*** Opening of Excerpted records ***

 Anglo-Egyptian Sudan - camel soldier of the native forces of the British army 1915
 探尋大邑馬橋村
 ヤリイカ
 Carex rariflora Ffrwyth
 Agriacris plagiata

*** Close of Excerpted records ***
*** Opening of Excerpted records ***

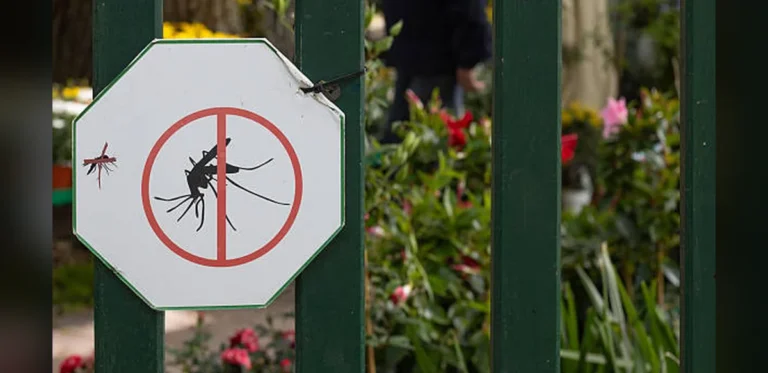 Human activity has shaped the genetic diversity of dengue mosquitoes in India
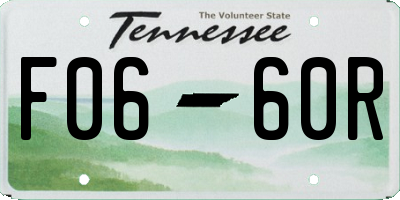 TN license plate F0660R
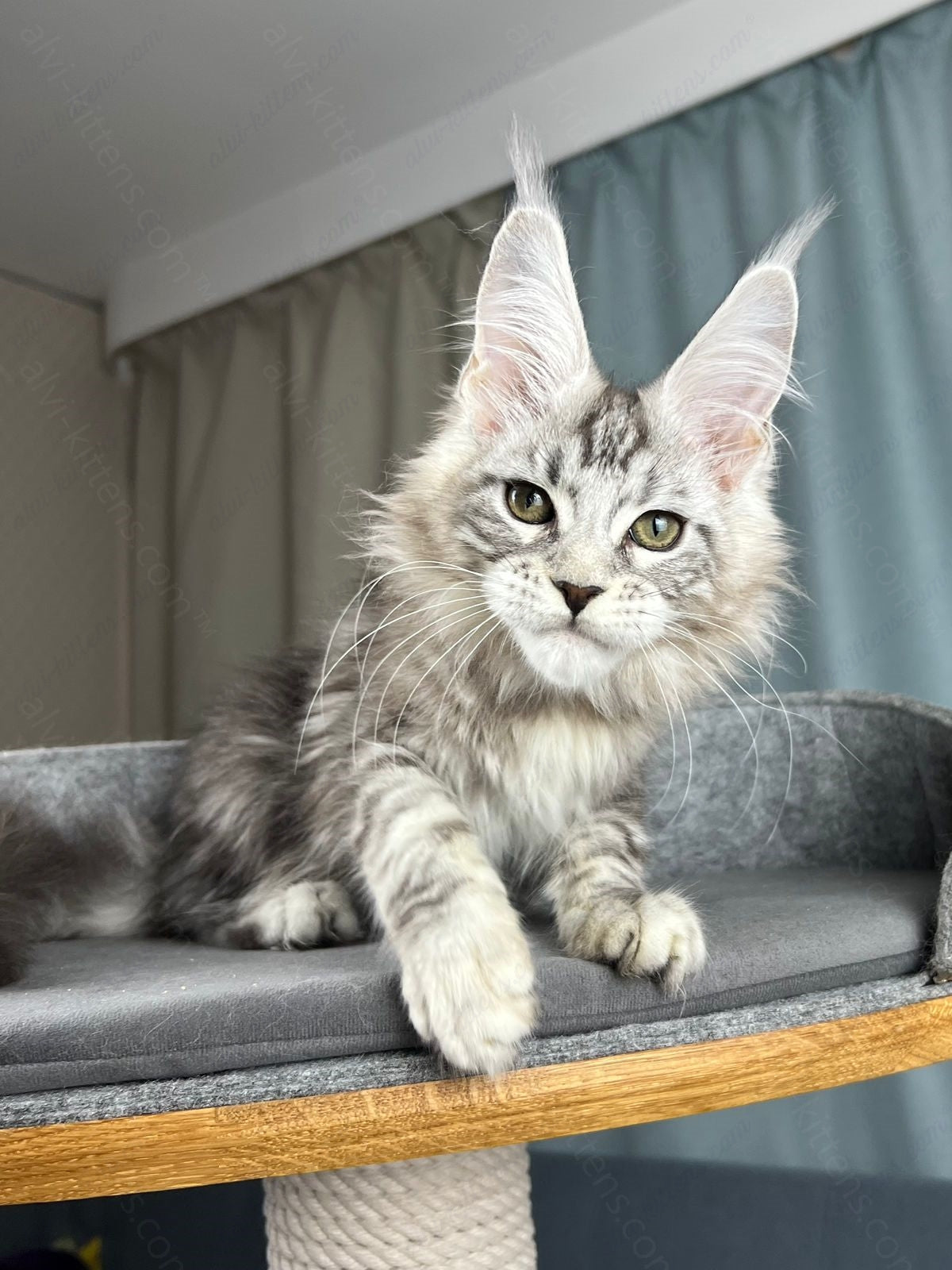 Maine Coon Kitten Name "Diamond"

*** Close of Excerpted records ***
*** Opening of Excerpted records ***

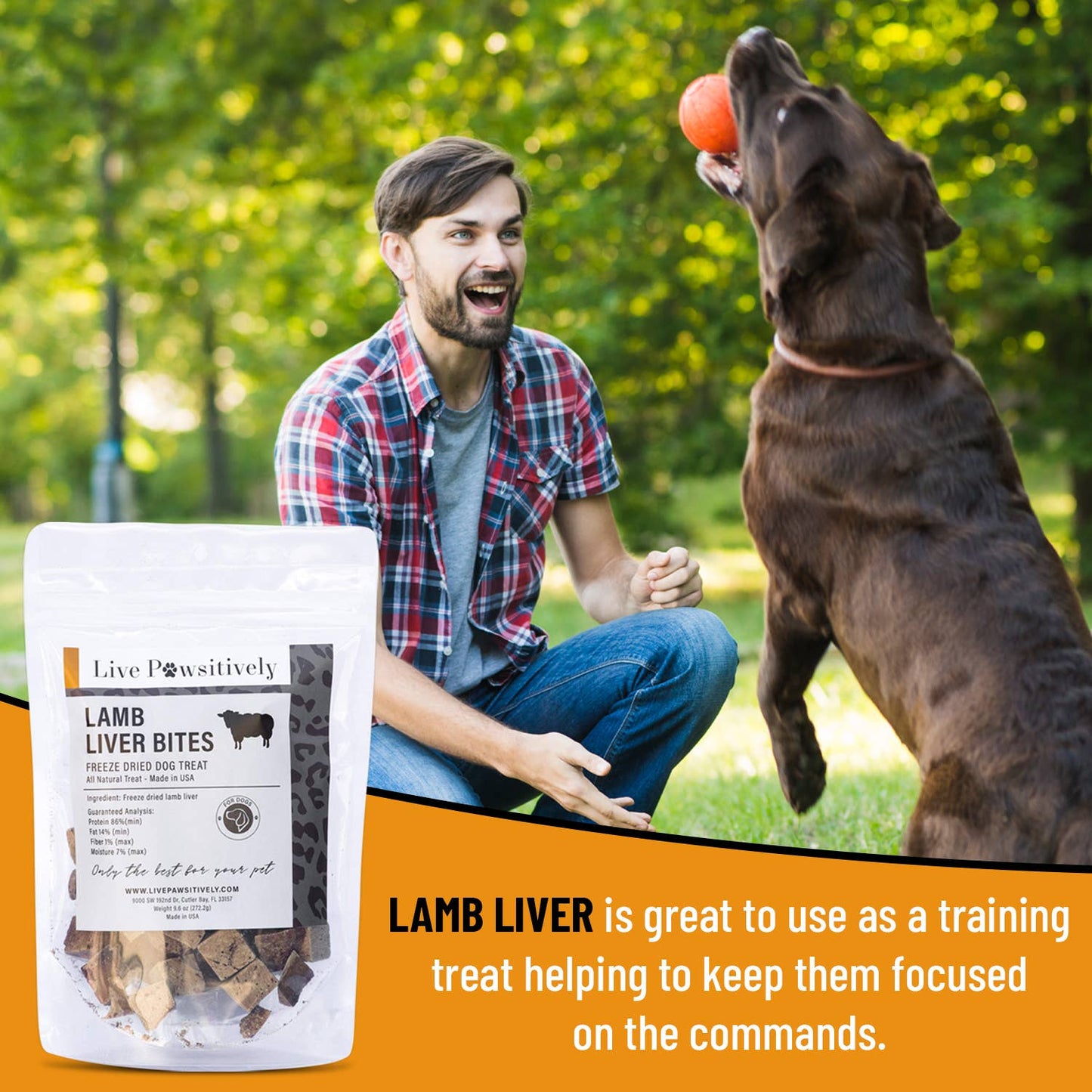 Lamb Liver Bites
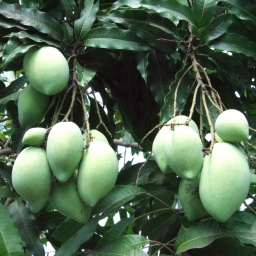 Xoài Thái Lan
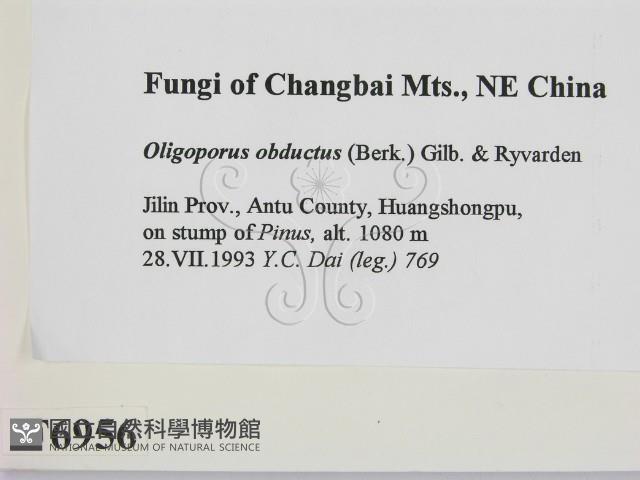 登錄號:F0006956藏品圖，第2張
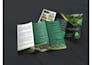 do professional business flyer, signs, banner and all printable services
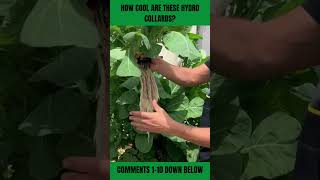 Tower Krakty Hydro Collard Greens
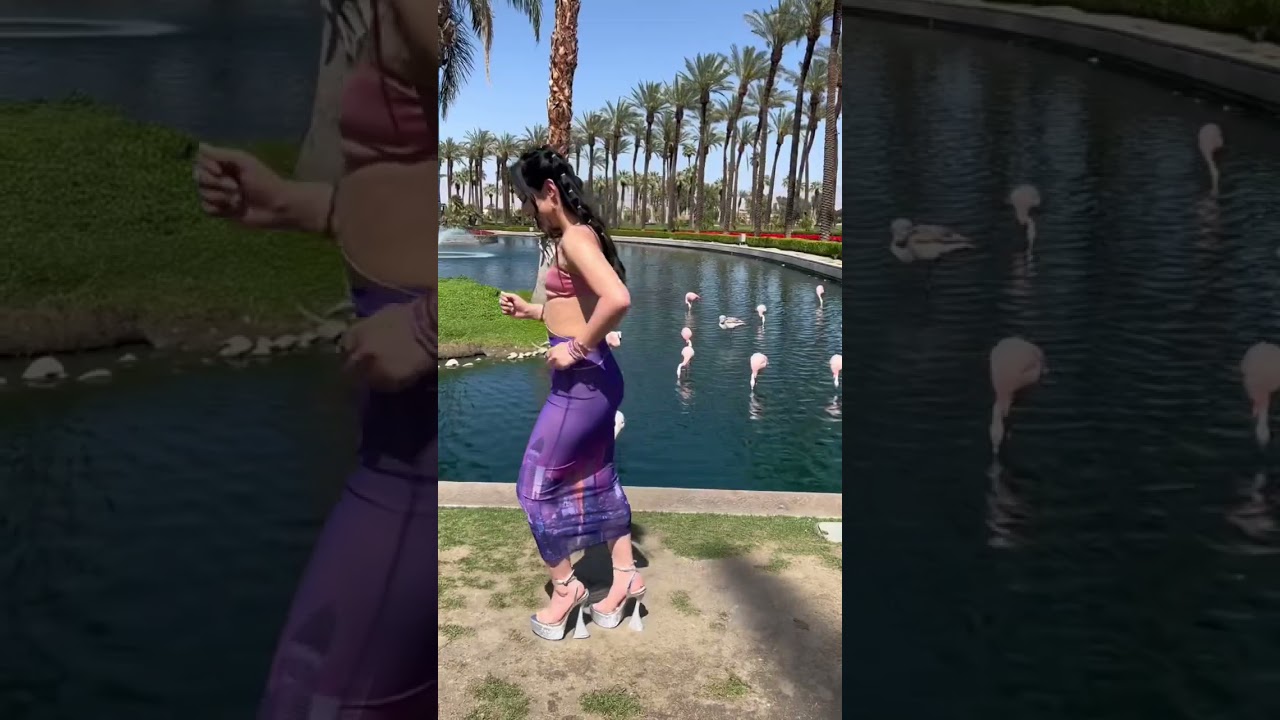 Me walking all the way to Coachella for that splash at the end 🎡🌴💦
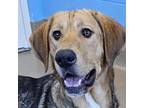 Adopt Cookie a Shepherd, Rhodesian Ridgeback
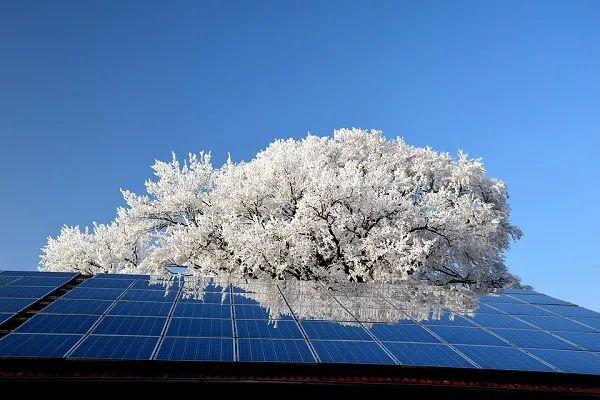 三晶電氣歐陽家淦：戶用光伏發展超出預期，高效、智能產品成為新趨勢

*** Close of Excerpted records ***

**What to produce**
What you write must match the listing exactly, from the line with "do professional business" up to and including the line with "三晶電氣歐陽家淦：戶用光伏發展超出預期，高效、智能產品成為新趨勢". Pictures stay out.

**Result for this exercise**
 do professional business flyer, signs, banner and all printable services
 Tower Krakty Hydro Collard Greens
 Me walking all the way to Coachella for that splash at the end 🎡🌴💦
 Adopt Cookie a Shepherd, Rhodesian Ridgeback
 三晶電氣歐陽家淦：戶用光伏發展超出預期，高效、智能產品成為新趨勢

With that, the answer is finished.